If you feel as though your 3-year-old is the last kid in her class to master the potty, you’re not alone. While many kids start to show an interest in the potty at 2 years old, recent research indicates that only 40 to 60 percent of children are fully toilet trained by 36 months. The potty training path your child follows will likely be based on temperament, developmental readiness, interest, and even gender, explains Abigail Klemsz, M.D., pediatrician at Indiana University Health. “The time it takes to potty train depends on the child. Each of my six kids did it differently,” notes Dr. Klemsz. To help you figure out the best tactics to try, see Dr.
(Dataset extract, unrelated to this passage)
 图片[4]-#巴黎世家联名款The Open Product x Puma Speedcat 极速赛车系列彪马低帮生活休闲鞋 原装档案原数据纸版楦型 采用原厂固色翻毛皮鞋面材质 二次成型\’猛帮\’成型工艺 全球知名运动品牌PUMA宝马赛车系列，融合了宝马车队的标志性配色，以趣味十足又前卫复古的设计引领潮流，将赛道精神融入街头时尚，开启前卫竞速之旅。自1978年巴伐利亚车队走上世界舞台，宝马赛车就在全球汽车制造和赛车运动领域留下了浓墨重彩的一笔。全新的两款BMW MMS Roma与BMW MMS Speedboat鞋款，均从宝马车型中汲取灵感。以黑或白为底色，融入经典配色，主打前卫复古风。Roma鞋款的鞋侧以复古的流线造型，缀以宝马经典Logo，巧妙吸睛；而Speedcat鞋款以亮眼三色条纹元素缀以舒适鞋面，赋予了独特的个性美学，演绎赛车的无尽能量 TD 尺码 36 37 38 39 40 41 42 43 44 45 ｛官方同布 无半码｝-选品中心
Klemsz’s tips below.
Seek out key signs
“Be aware of cues that your child is ready,” says Dr. Klemsz. If you try to push the process too early, you may be in for a long haul. Consider questions such as:
- Does your child ask about the toilet?
- Does he let you know when he’s going pee or poop?
- Is he able to stay dry for a couple of hours at a time?
- Can he follow simple directions?
- Can he pull up his pants (it’s okay if he needs help)?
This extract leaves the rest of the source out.